Action item – Your output should be exactly the lines from the one containing "10 cú úp rổ hay nhất lịch sử NBA" through the last line of the listing, and nothing else. Pictures stay out.

Records shown –
----------

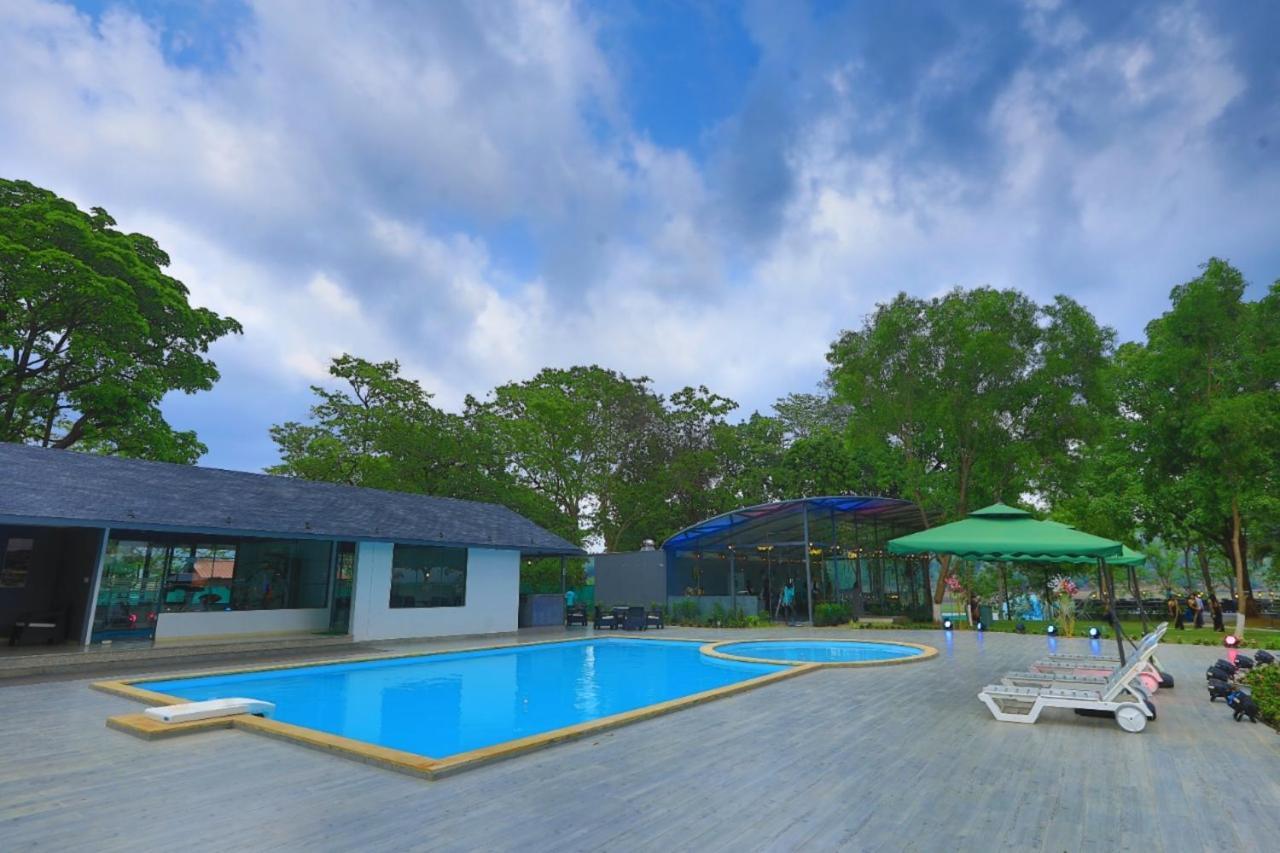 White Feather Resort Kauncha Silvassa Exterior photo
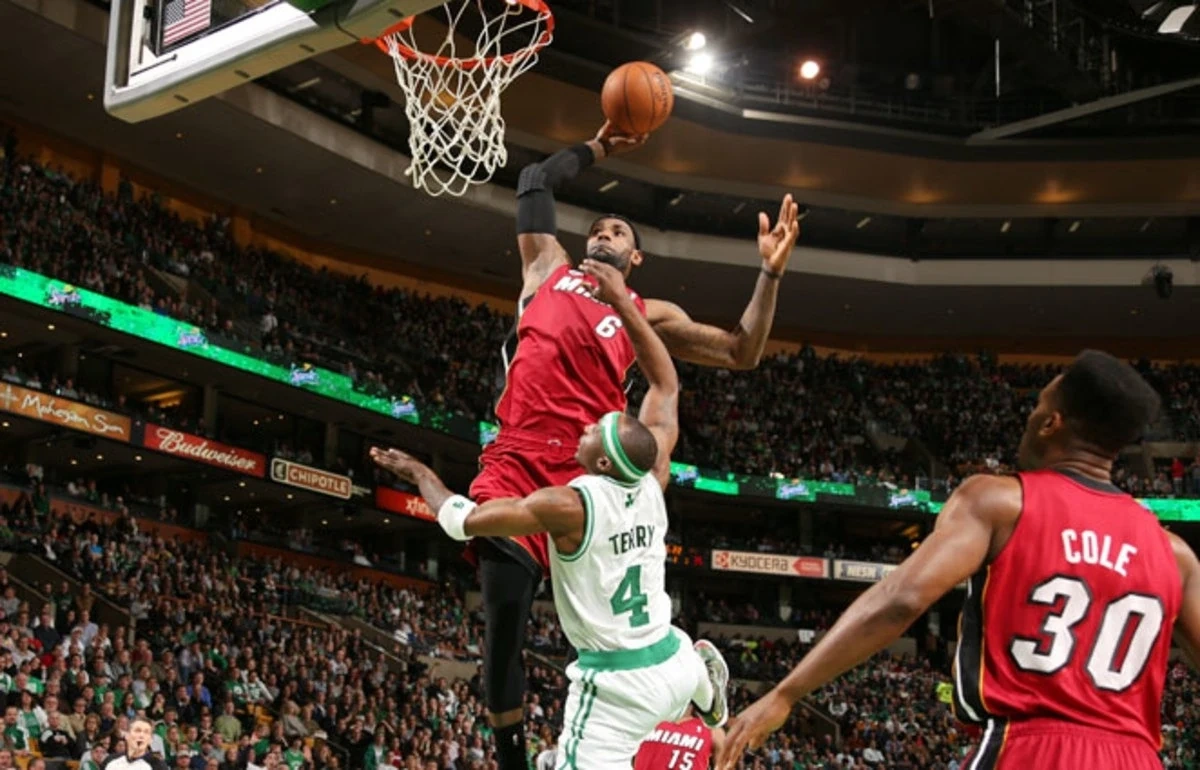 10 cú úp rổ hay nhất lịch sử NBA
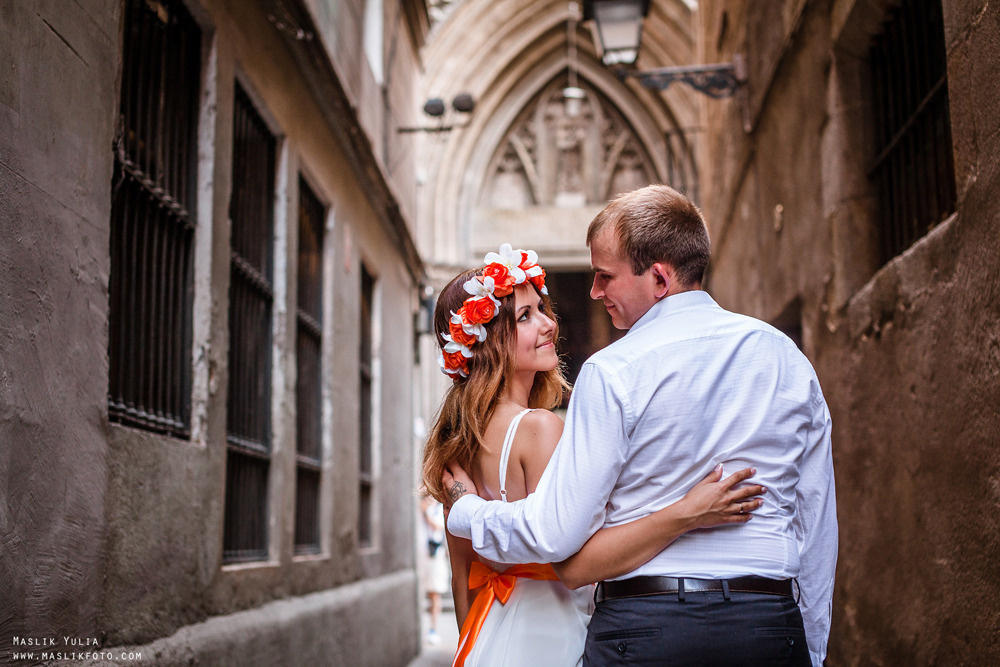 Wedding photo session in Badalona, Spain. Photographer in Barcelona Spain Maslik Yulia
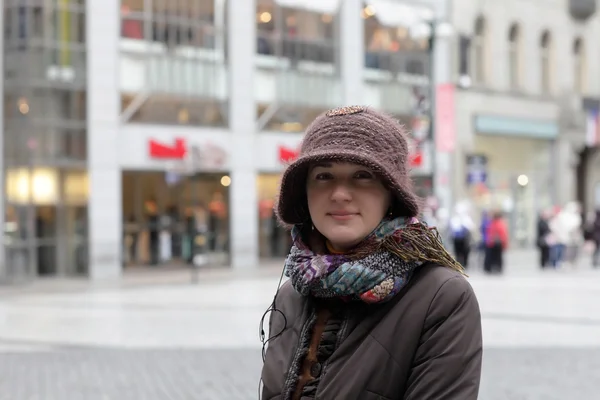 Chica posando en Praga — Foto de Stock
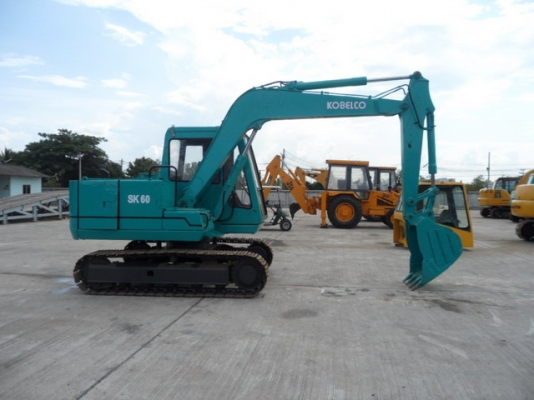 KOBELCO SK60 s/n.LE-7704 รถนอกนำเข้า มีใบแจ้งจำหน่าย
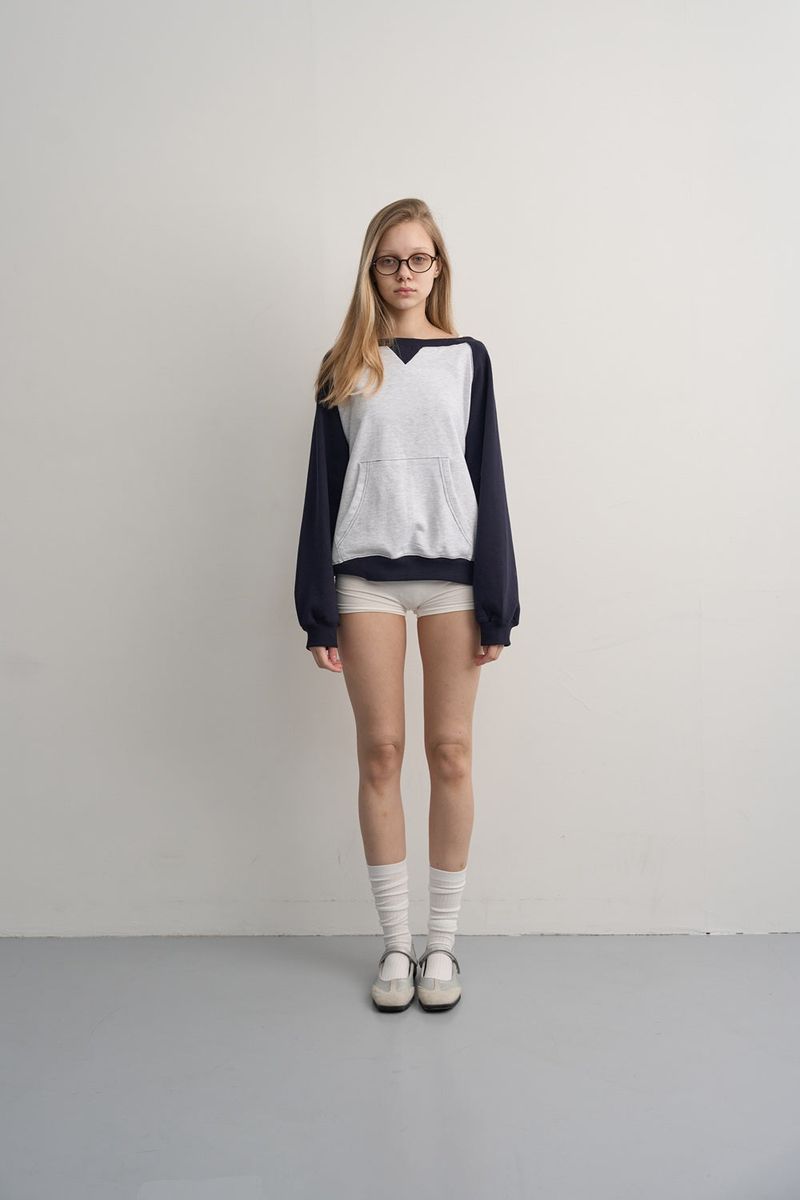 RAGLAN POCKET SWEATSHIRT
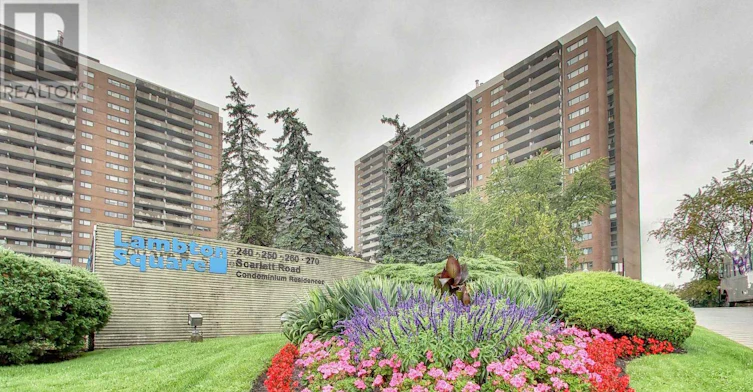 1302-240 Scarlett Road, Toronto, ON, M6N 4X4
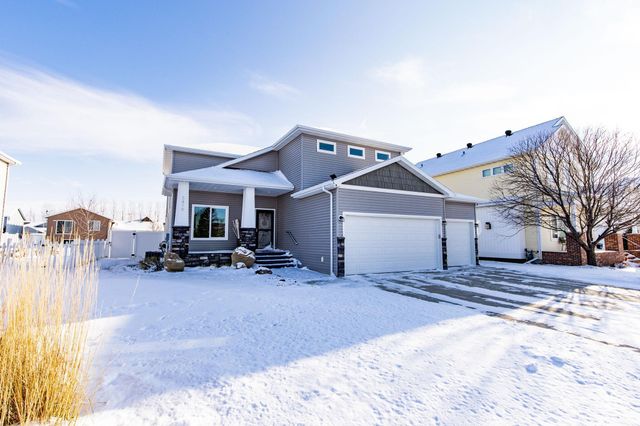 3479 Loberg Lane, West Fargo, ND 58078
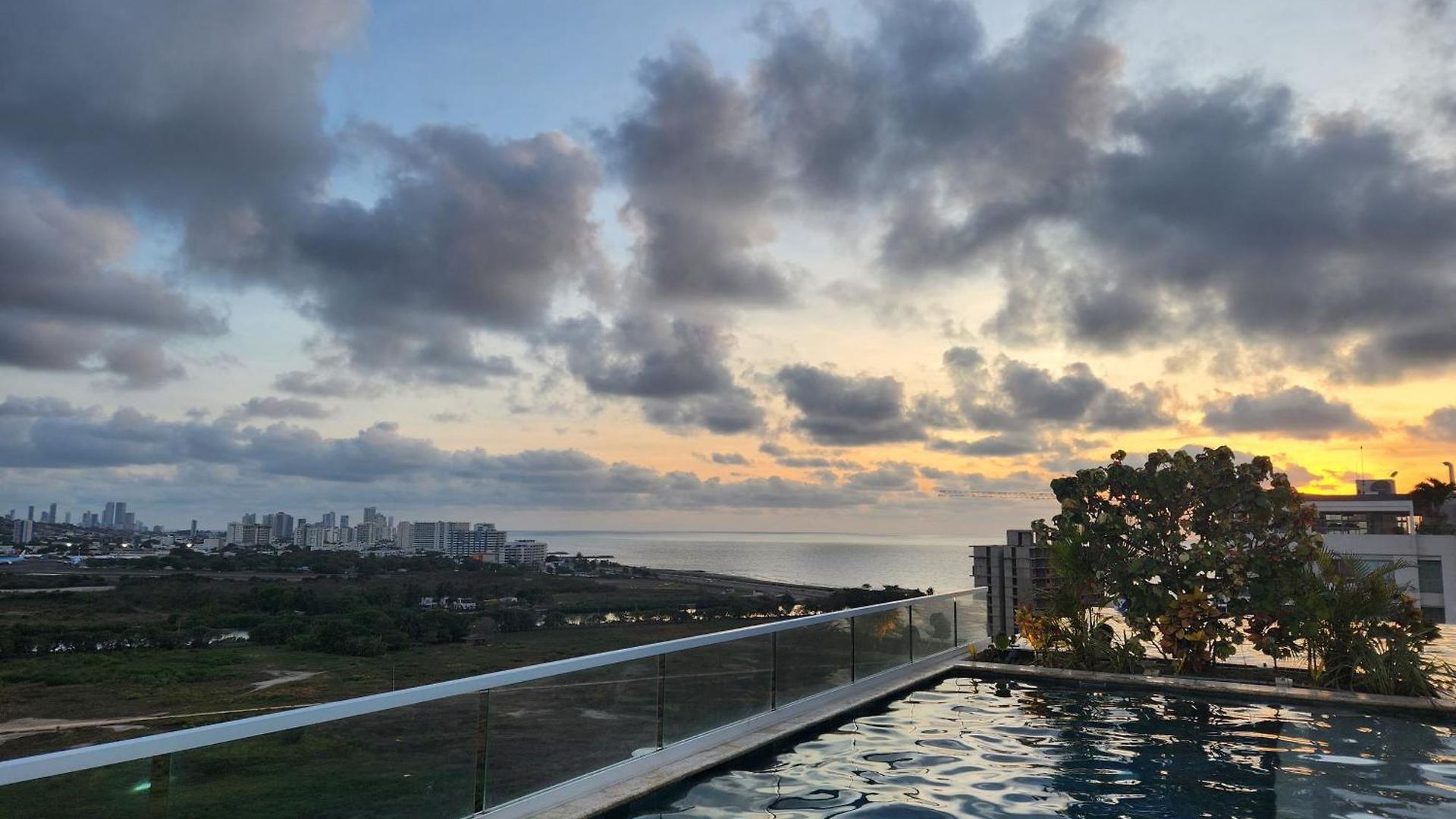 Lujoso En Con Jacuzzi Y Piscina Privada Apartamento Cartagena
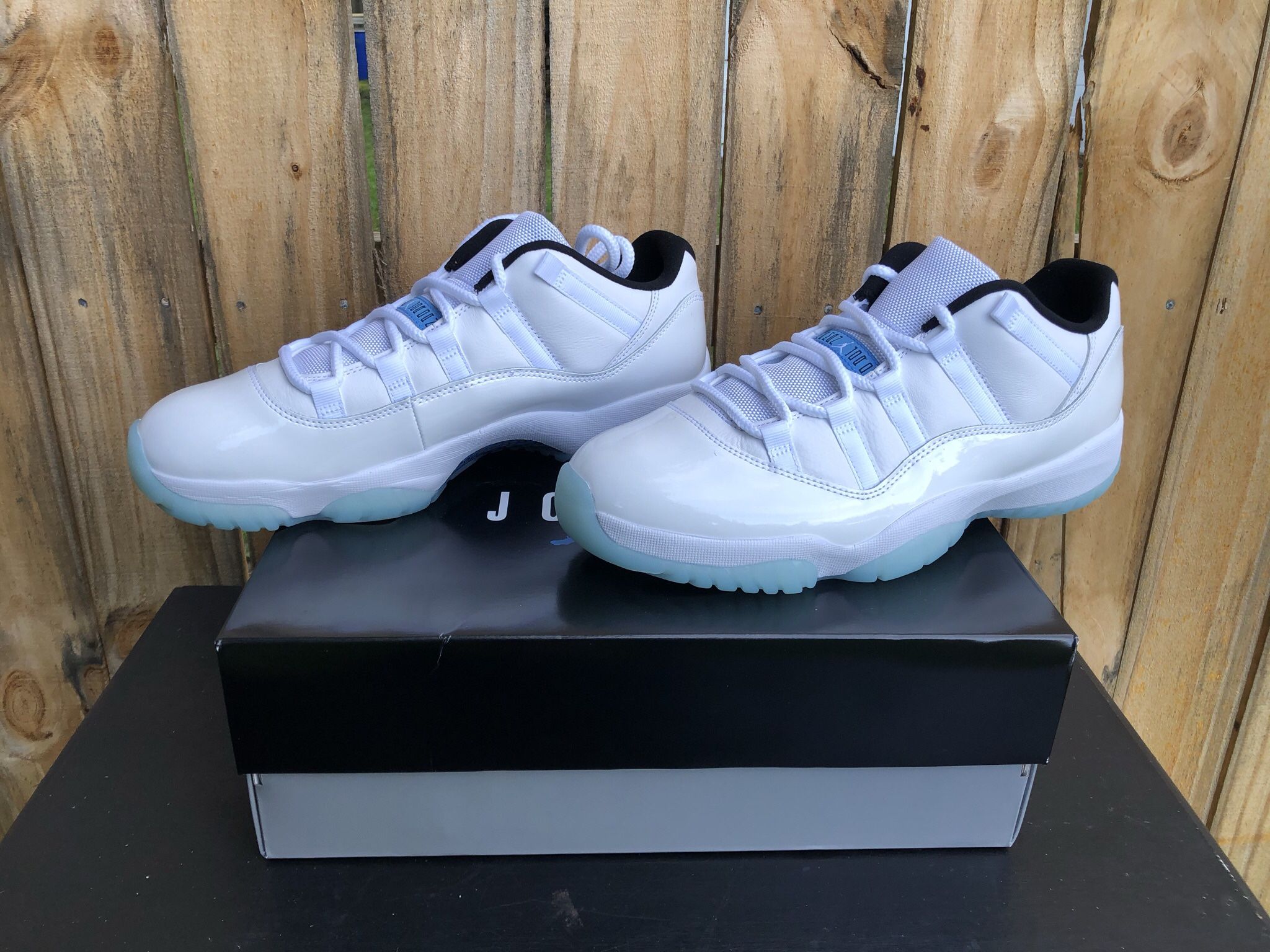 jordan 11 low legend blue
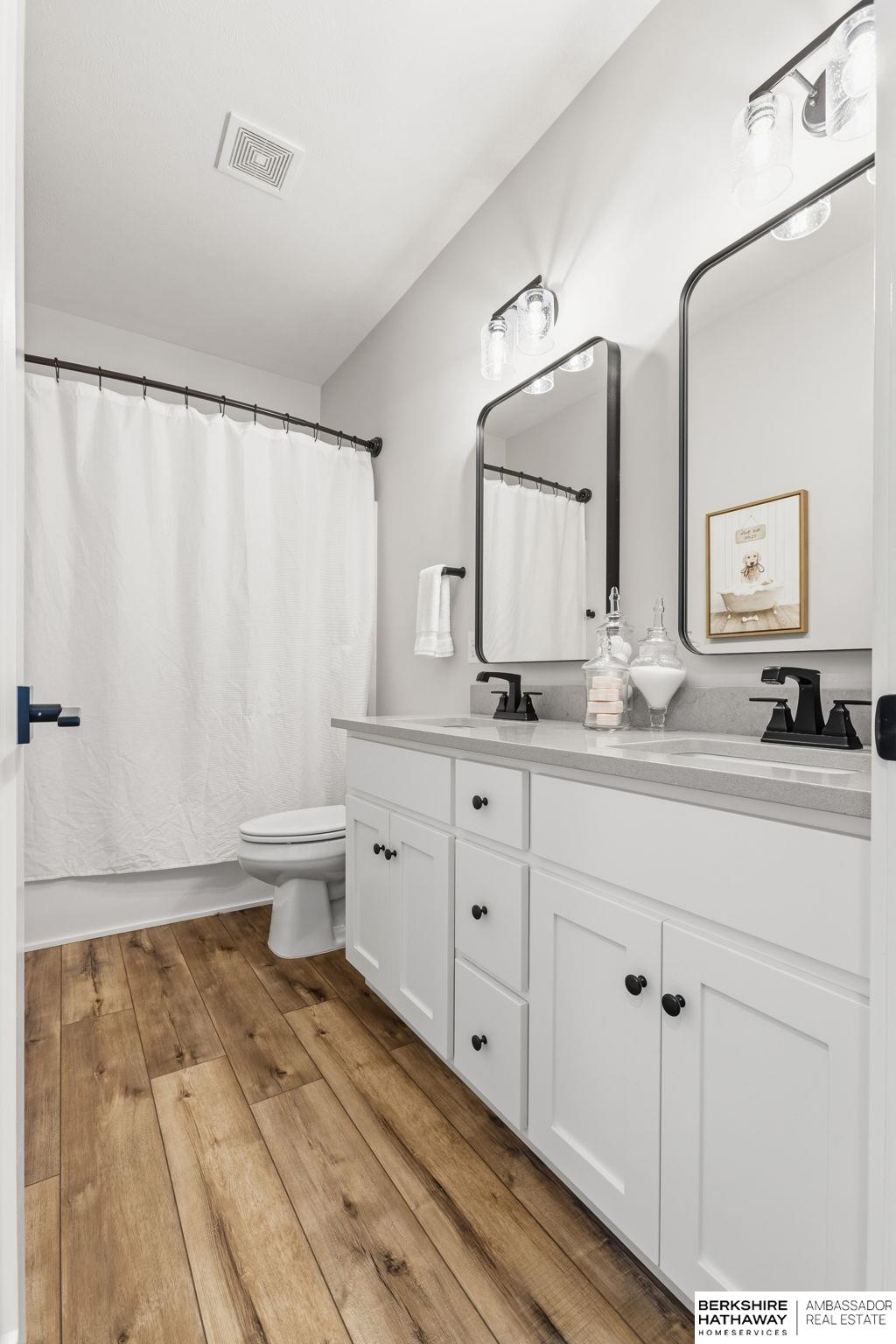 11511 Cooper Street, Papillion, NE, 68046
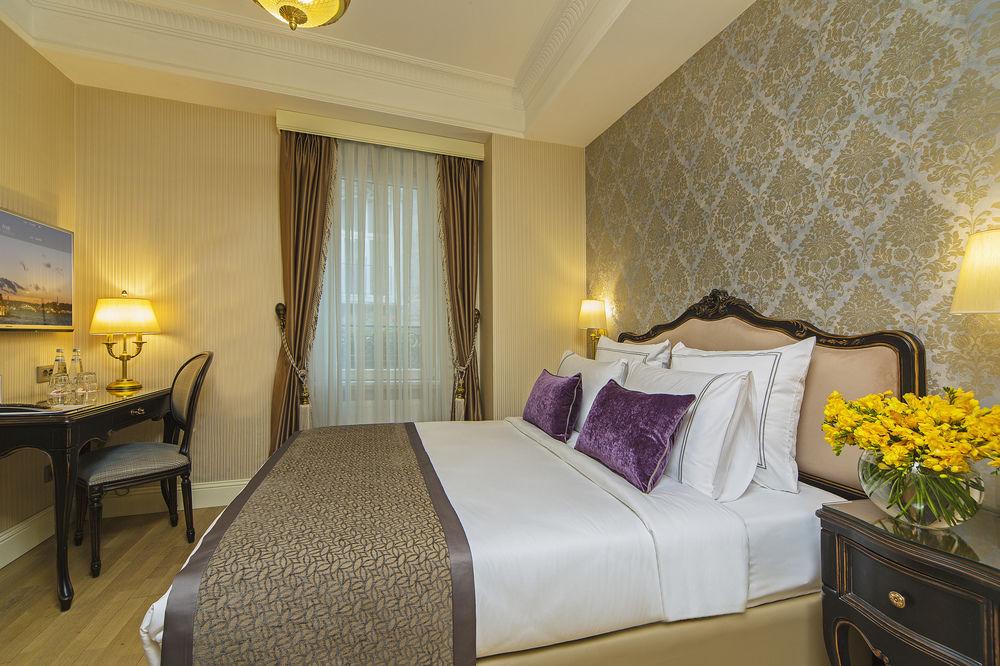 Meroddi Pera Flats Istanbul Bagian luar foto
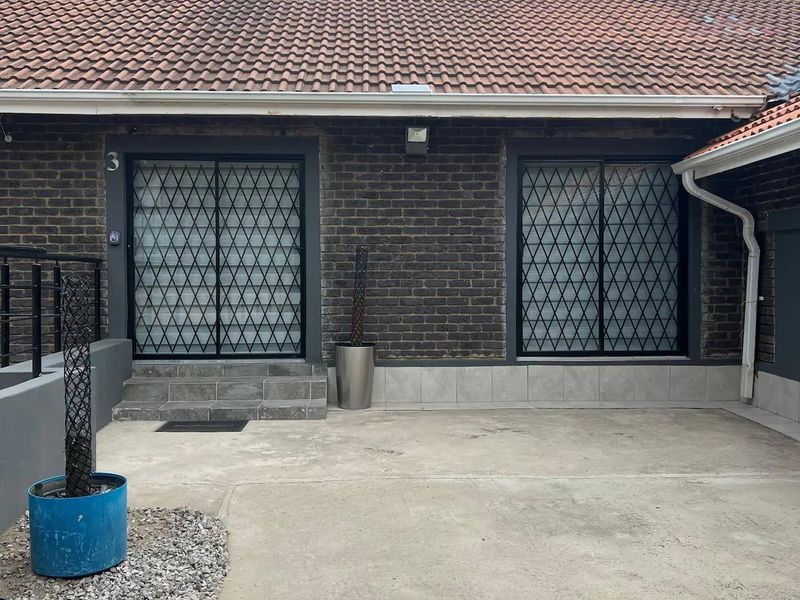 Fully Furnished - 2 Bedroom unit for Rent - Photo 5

----------

Solved problem –
 10 cú úp rổ hay nhất lịch sử NBA
 Wedding photo session in Badalona, Spain. Photographer in Barcelona Spain Maslik Yulia
 Chica posando en Praga — Foto de Stock
 KOBELCO SK60 s/n.LE-7704 รถนอกนำเข้า มีใบแจ้งจำหน่าย
 RAGLAN POCKET SWEATSHIRT
 1302-240 Scarlett Road, Toronto, ON, M6N 4X4
 3479 Loberg Lane, West Fargo, ND 58078
 Lujoso En Con Jacuzzi Y Piscina Privada Apartamento Cartagena
 jordan 11 low legend blue
 11511 Cooper Street, Papillion, NE, 68046
 Meroddi Pera Flats Istanbul Bagian luar foto
 Fully Furnished - 2 Bedroom unit for Rent - Photo 5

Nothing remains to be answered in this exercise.